I return to the point I made a moment ago. If the policy is successful in growing corporation tax receipts, the Northern Ireland budget will see the benefits, but the finer details of the block grant adjustments are still to be agreed, obviously within the parameters set out in the Stormont House agreement.
Let me return to the clause. The clause also determines which trades and which profits and losses qualify for the Northern Ireland rate. The new rules aim to target genuine economic activity in Northern Ireland, while limiting the risk of profit shifting. Those two issues came up on Second Reading and in the Committee’s evidence session, and I know many Members of the House, understandably, feel strongly about them. They formed a core part of our guiding principles for the design of the new regime. The new rules will apply to trading profits only, which will more effectively target activity that encourages genuine economic growth and employment; profits from, for example, property income will not be included. That principle was agreed in the joint ministerial talks on the design of the regime between the Government and the Northern Ireland Executive following the 2011 consultation.

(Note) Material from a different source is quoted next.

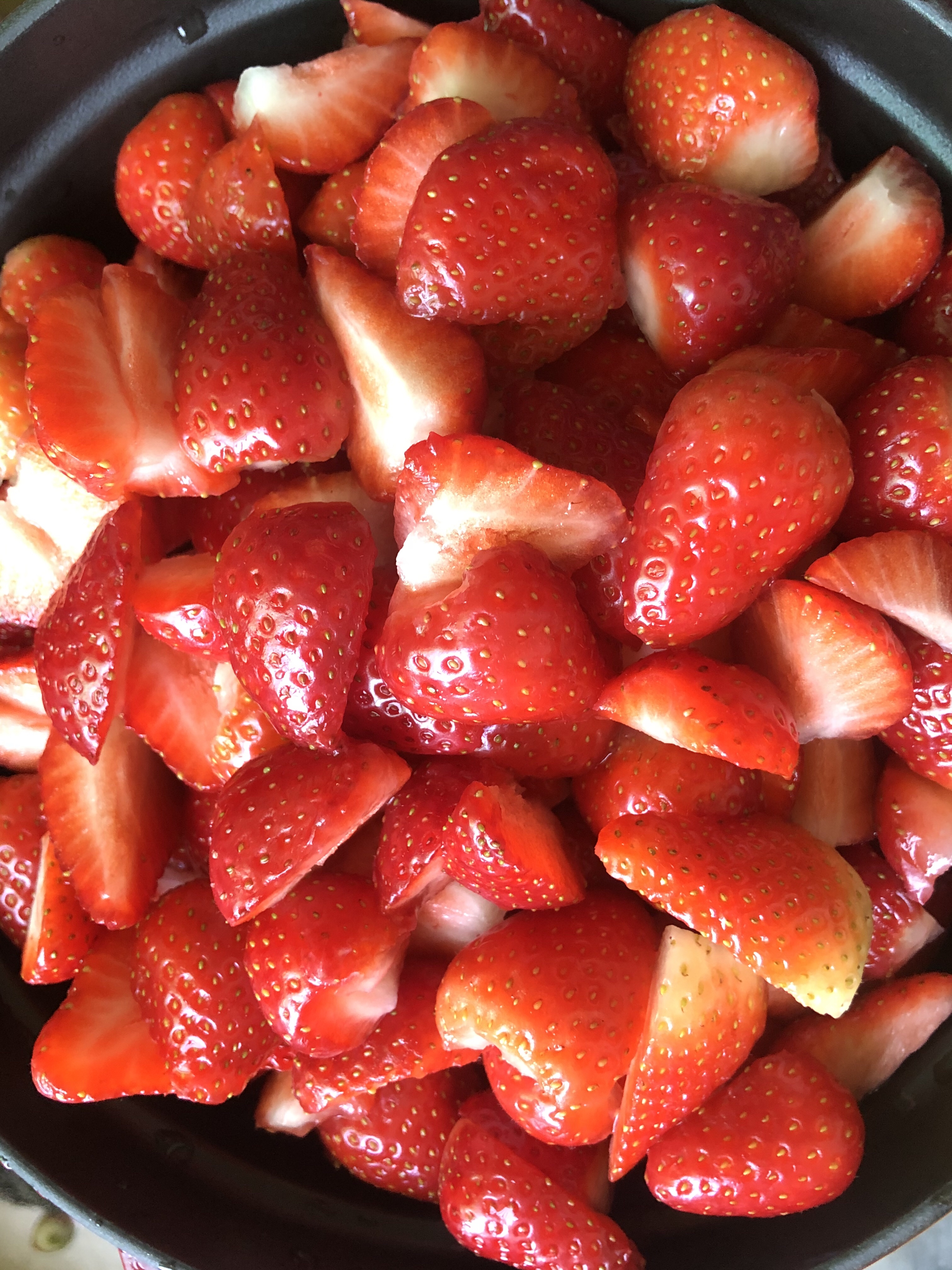 自制草莓酱的做法 步骤2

Although the rate will apply to most Northern Irish trading activities, certain trades and activities are excluded. First, certain activities of the financial services industry are excluded, to reduce the risk of profit shifting into the new regime. The excluded trades and activities are highly mobile and therefore pose a greater risk of profit shifting from the rest of the UK. Including them in the regime might result in a limited increase in employment in Northern Ireland and could have a significant impact on the cut to the block grant. In line with encouraging employment, however, back-office functions relating to those activities will be allowed within the new rules. Back-office functions have been raised a number of times in our debates, so let me spend a minute or so clarifying the legislation on them.
On Second Reading, it was suggested that back-office functions would be excluded from the Northern Ireland corporation tax rate, and interested parties have made similar comments. I am pleased to confirm that that is not the case and that back-office functions for excluded activities will be allowed within the new rules. Such activities do not pose the same risk of profit shifting as the activities specified in clause 1, and provide a fertile area of employment in Northern Ireland—something we are keen to encourage, as are hon. Members.
Several hon. Members asked about the definition of back-office functions, and the question was also raised in stakeholder meetings my officials held in London and Belfast. The term will take its normal commercial meaning, and HMRC will provide detailed guidance for those less familiar with the term. Chapter 17 of new part 8B of the Corporation Tax Act 2010, inserted by the clause, gives the Treasury a power to specify by regulation what constitutes a back-office function. That will allow the Treasury to provide clarity to companies if necessary, but I hope HMRC’s guidance will answer any questions that may arise. In operation, the clause will allow excluded companies a one-off election to bring back-office functions into the Northern Ireland regime. That removes the need for the fragmentation of the company—something the Executive expressed concerns about.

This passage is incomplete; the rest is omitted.